Philly for Growth, established at the end of April, is chaired by Leo Addimando, a real estate developer and vice president of the city’s Building Industries Association. The group is supporting Democratic Council at-large candidates Eryn Santamoor and Katherine Gilmore Richardson, and incumbents Derek S. Green and Allan Domb.
A TV ad featuring a talking baby will first air Sunday and run through the election on broadcast and cable outlets, said Aren Platt, a political consultant working with the group. The exposure could make a difference in a field of 28 Democrats vying for five seats on May 21.
Platt wouldn’t disclose the ad buy, but its scope is likely at least $200,000, big enough to potentially shake up the race, according to several campaign consultants.
In the ad, a baby holding an oversize teddy bear is dubbed with the voice of a high-pitched woman.
“Check this jawn out," the baby says, before the camera zooms in on a primary ballot. “You’ve got to vote for the team that will grow Philly with us. Santamoor, Domb, Richardson, Green," the baby says in a singsong lilt, "Santamoor, Domb, Richardson, Green.”
The names of donors were disclosed Friday in a campaign finance report showing $190,000 in the PAC’s account, which includes $50,000 from OCF Realty, based in Point Breeze, $30,000 from the General Building Contractors Association, and $10,000 from the Steamfitters union. The PAC’s treasurer is Gary A. Jonas Jr. of the HOW Group, a development firm based in Conshohocken that does business in Philadelphia and which gave $10,000.
The president of OCF Realty, developer Ori Feibush, ran for Council four years ago against 2nd District incumbent Kenyatta Johnson, with whom he has clashed over development issues in rapidly growing Southwest Philadelphia.

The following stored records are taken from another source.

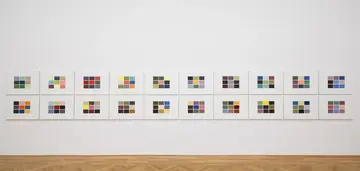 eine Wand mit vielen kleinen bunten Bildern an der Wand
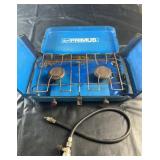 Vintage propane camp stove in a blue metal
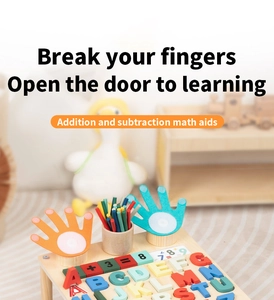 Close-up of wooden alphabet blocks and counting sticks for early math education
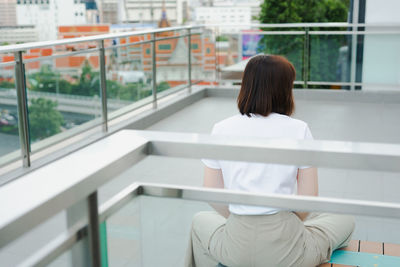 Solo asian woman during outdoor break and relax at rooftop with city background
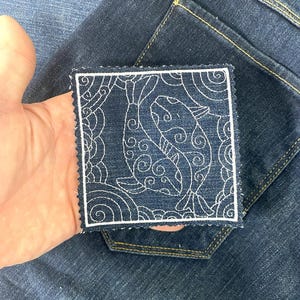 May include: Square denim patch with a white embroidered design of two stylized fish and swirling patterns. The patch has a white border and is held over a pair of blue jeans.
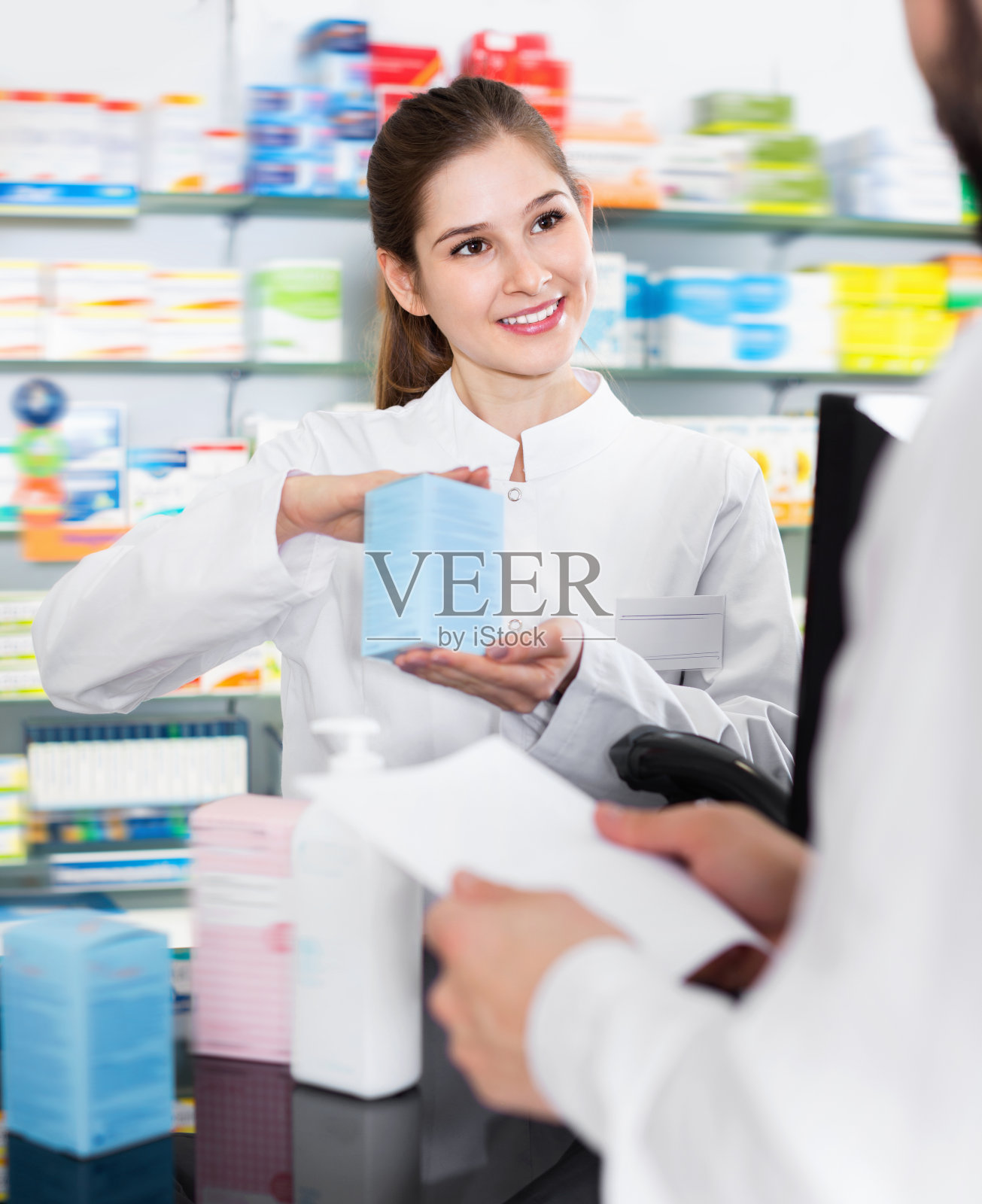 女药剂师在药剂师里为男病人推荐药。照片摄影图片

The PAC says it does not have an affiliated nonprofit, so all contributions over $250 will continue to be reported per campaign finance rules. Another PAC, Philadelphia 3.0, has received criticism for legally coordinating with a nonprofit in order to conceal the source of some of its money.
Addimando said he and other contributors thought the four candidates were “best suited to equitably grow opportunities in every part of the city.”

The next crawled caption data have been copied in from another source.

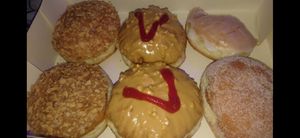 Caramel crunch, PB and Jelly Glazed, and Jam at That's Alotta Cafe in Northcote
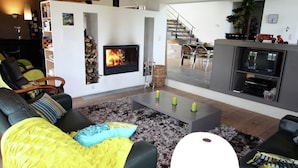 A modern living room with a fireplace, a sofa set, a coffee table, and a TV area. - Holiday home in Limbourg with garden (Limbourg)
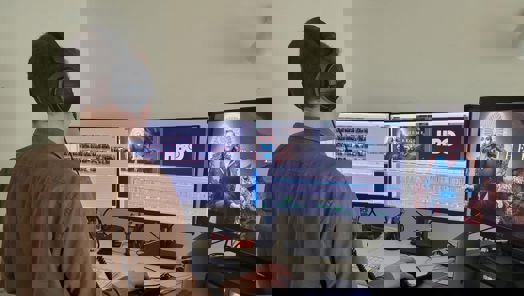 A person facing a set of computer monitors edits a sequence from a drama called The Regime.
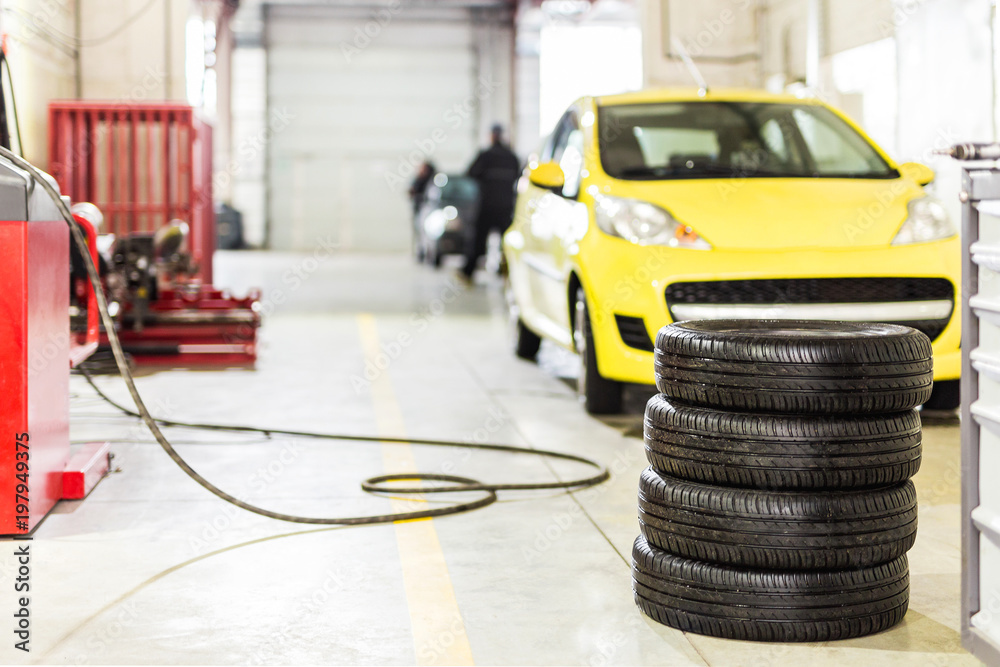 Car maintenance and service center. Vehicle tire repair and replacement equipment. Seasonal tire change Car maintenance and service center. Vehicle tire repair and replacement equipment. Seasonal tire change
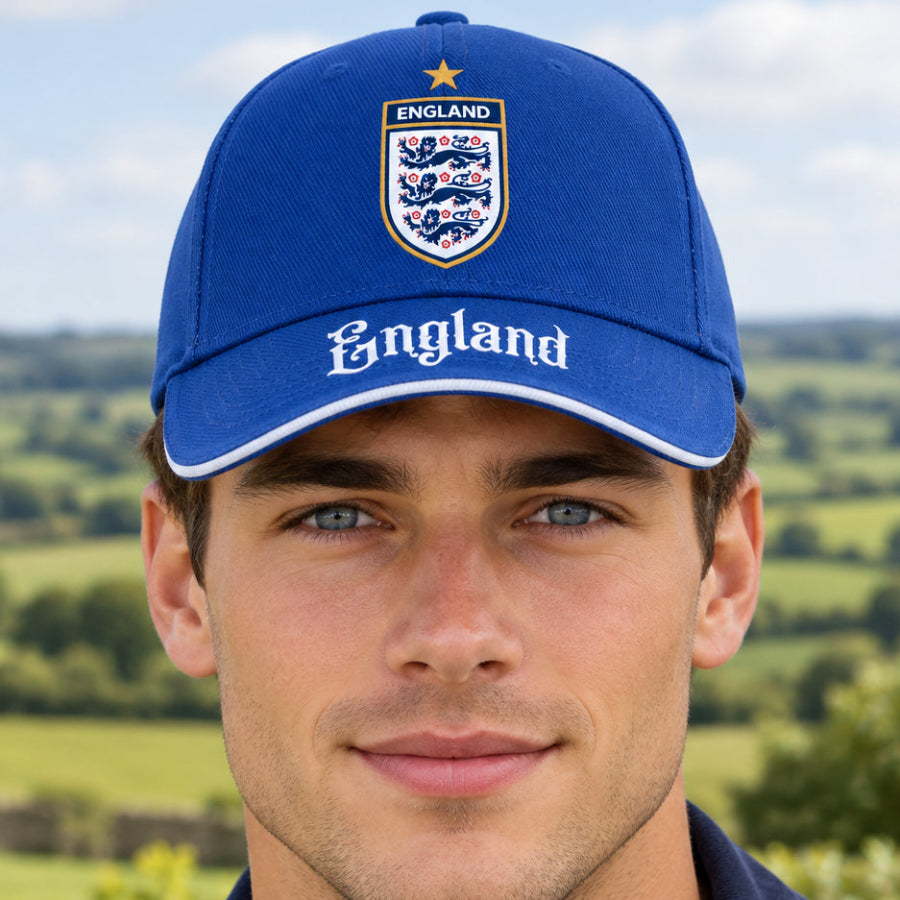 A royal blue baseball cap featuring the England national team crest printed on the front and 'England' written in white Gothic lettering across the brim.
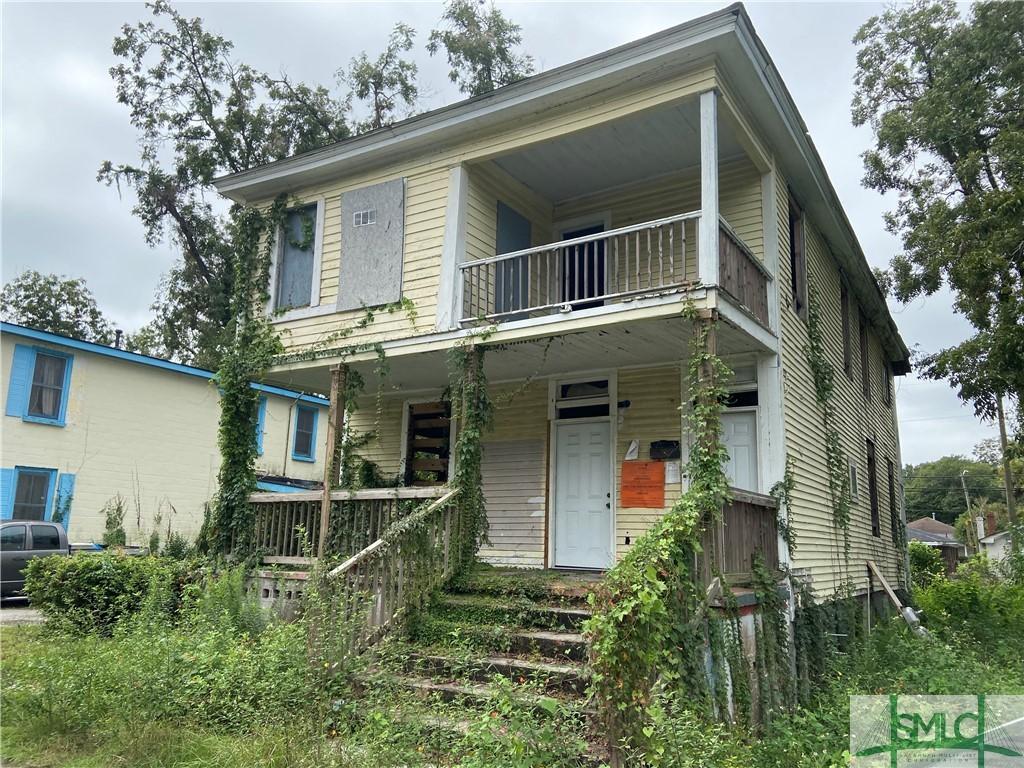 view of front of property with covered porch and a balcony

“City Council has taken a distinctly business-unfriendly tone over the past, let’s say, generation,” Addimando said. “It’s gotten consistently more expensive to do business in the city of Philadelphia. It’s become more bureaucratic, and we believe what’s good for business is genuinely good for the city. What underlies the poverty of the city, which is our greatest problem, is a lack of ... quality jobs that can sustain families.”

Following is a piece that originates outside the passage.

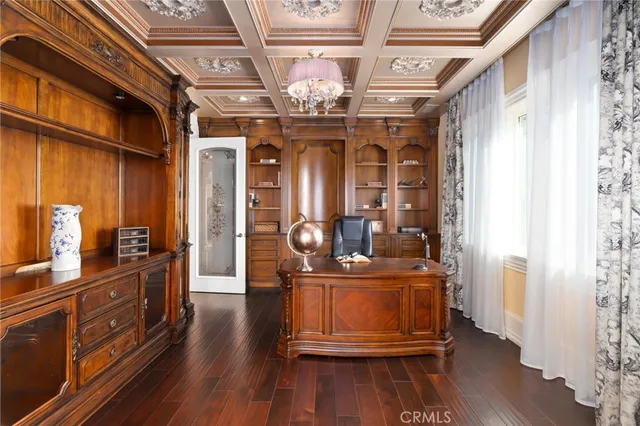 a view of entryway with a front door and wooden floor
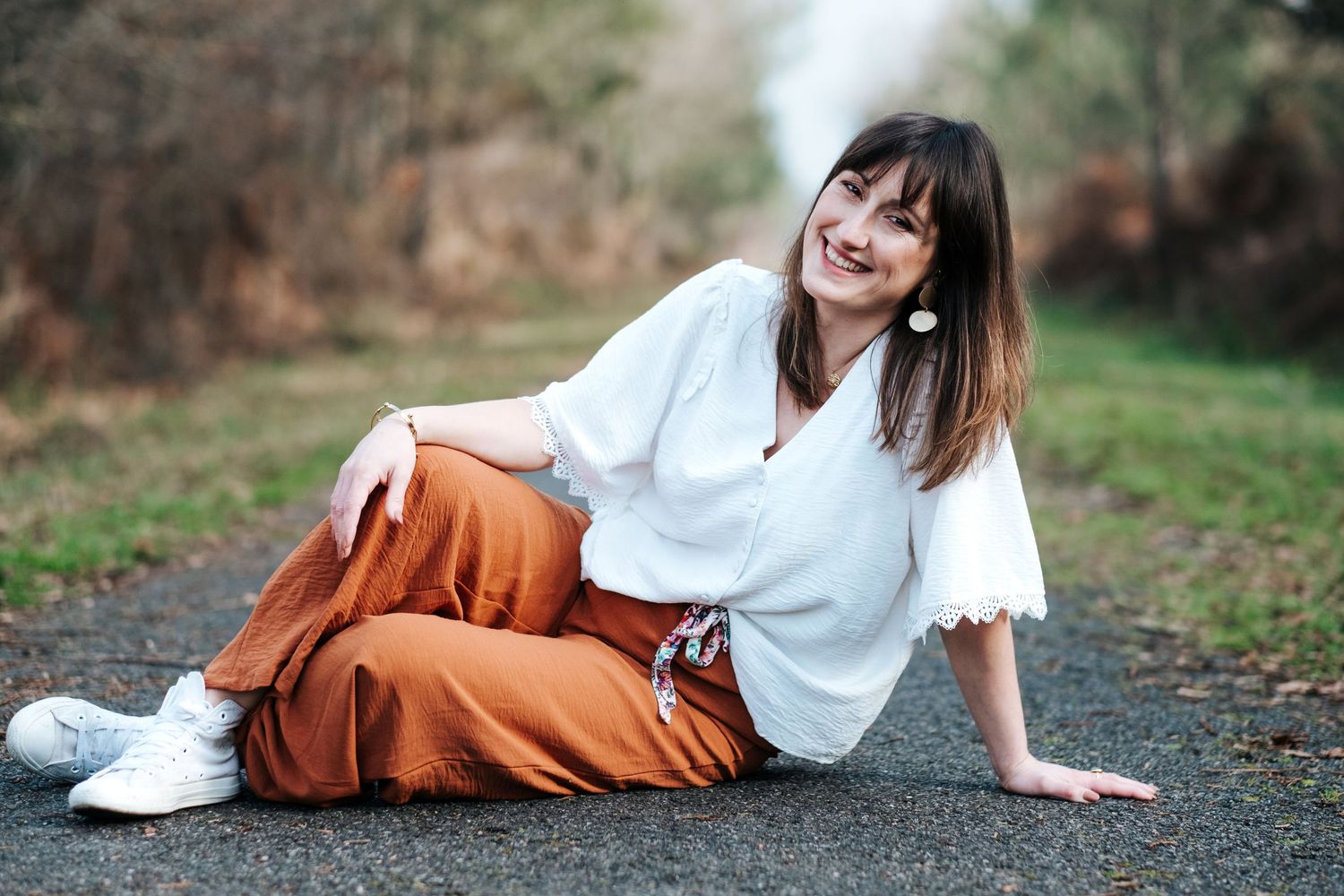 Someone in a white blouse and rust-colored wide-leg pants sits casually on the ground while smiling outdoors.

How business-friendly are the candidates? Domb, known as the “condo king,” owns a ton of real estate in Philadelphia. None of the others have such a direct tie, but they have pro-development stands on some issues. All four told The Inquirer they oppose a tax on new construction and want to reform the 10-year property tax abatement instead of abolishing it or keeping it the same. But all four also said they support the so-called soda tax.
In a race where gentrification and Council’s relationships with developers and development have become issues, two of the most influential PACs have pro-development interests (Philadelphia 3.0 was founded partly by parking garage magnates Joseph and Robert Zuritsky). Philadelphia 3.0 has focused largely on the 3rd District race between incumbent Jannie Blackwell and challenger Jamie Gauthier.
Addimando pointed out that money from all sorts of sources flows into politics — labor, education, the beverage industry. “It’s unfair to single out 3.0 or real estate development as being particularly influential,” he said. “It’s a free country and we have the ability as citizens to make contributions.”
Domb has already spent close to $1 million on television and radio. Santamoor, Justin DiBerardinis, and Councilwoman Helen Gym have also bought ads that have or will soon air.
Independent expenditures have dominated spending this primary season, putting more into the mayor’s race than all three candidates combined.
Staff writers Chris Brennan and Jonathan Lai contributed to this article.